Juristas defendem acesso da imprensa a imagens do assassinato de Mateus Noga - Jornal Plural
22 set 2021 - 17h27

Juristas defendem acesso da imprensa a imagens do assassinato de Mateus Noga

Gravações da ação da Guarda Municipal no Largo da Ordem seguem inacessíveis à sociedade civil

Dez dias após a morte de Mateus Noga, assassinado pela Guarda Municipal (GM) de Curitiba, as imagens públicas do Largo da Ordem, local onde ocorreu a tragédia, seguem blindadas. Em resposta à solicitação de acesso do Plural, a assessoria da GM argumentou que não pode ceder o vídeo, sob pena de infringir a legislação do município. O pedido foi repetido via Lei de Acesso à Informação, no dia 15 de setembro, mas ainda não houve retorno das autoridades.

De fato, a Lei Ordinária nº 15.405/2019, que define a política de videomonitoramento da cidade, prevê: “Art. 8º: Fica vedada a disponibilização de acesso por terceiros dos dados, informações e imagens de videomonitoramento dos sistemas públicos ou de particulares, seja fisicamente ou através de endereço digital da rede mundial de computadores (IP)”. Porém, para os juristas ouvidos pela reportagem, a discussão não se esgota aí, pois regras municipais que se sobrepõem à liberdade de imprensa são inconstitucionais. 

“Não se pode objetar o acesso às imagens de videomonitoramento para a elucidação de fato relevante, grave, ocorrido em via pública, por agentes públicos de segurança. No caso, prevalecem o direito fundamental de acesso à informação e o direito de todos a receber dos órgãos públicos informações de interesse particular, coletivo ou geral. Não à toa esses direitos fundamentais também encontram-se previstos em tratados internacionais de Direitos Humanos que vinculam o Estado brasileiro como um todo, inclusive a prefeitura de Curitiba e sua GM”, fala Miguel Gualano de Godoy, professor de Direito Constitucional da Universidade Federal do Paraná (UFPR), citando a Declaração Universal dos Direitos Humanos e o Pacto Internacional dos Direitos Civis e Políticos.

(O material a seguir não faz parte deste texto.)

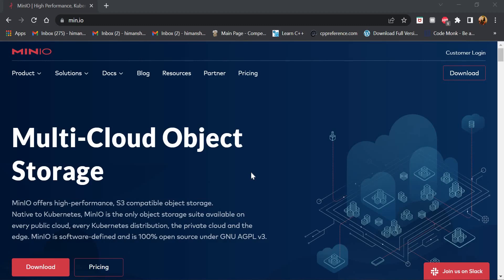After that, we'll be showing how to run the MinIO server on local machine and creating buckets on the server for object data storage.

O advogado Ramon Bentivenha, cuja especialidade é o Direito Público, relembra o julgamento histórico da ADPF 130, de 2009, quando o Supremo Tribunal Federal (STF) derrubou uma das últimas legislações do governo militar: a lei de imprensa. “O STF entendeu que havendo interesse jornalístico as informações deveriam ser disponibilizadas. Isso não significaria um cheque em branco. Se eventuais abusos ocorressem, poderia haver uma responsabilização posterior”.

De acordo com os especialistas, a lei curitibana de videomonitoramento visa preservar a intimidade, a imagem e a honra das pessoas que eventualmente tenham sido filmadas pelas câmeras. No entanto, essa proteção dos direitos individuais não pode ser absoluta. “Em minha visão, a imprensa deveria ter acesso às imagens e poderia divulgá-las, desde que respeitando a intimidade das pessoas. Uma simples tarja cobrindo os rostos, por exemplo, já seria capaz de preservar os envolvidos. Não se pode negar o interesse jornalístico que existe na apuração de uma ação desastrosa, proferida por um agente público durante o serviço”, diz Bentivenha. “Ao meu entender, o melhor detergente é a luz do sol. A quem interessa esconder essas imagens? Será que a população não teria direito de ser informada?”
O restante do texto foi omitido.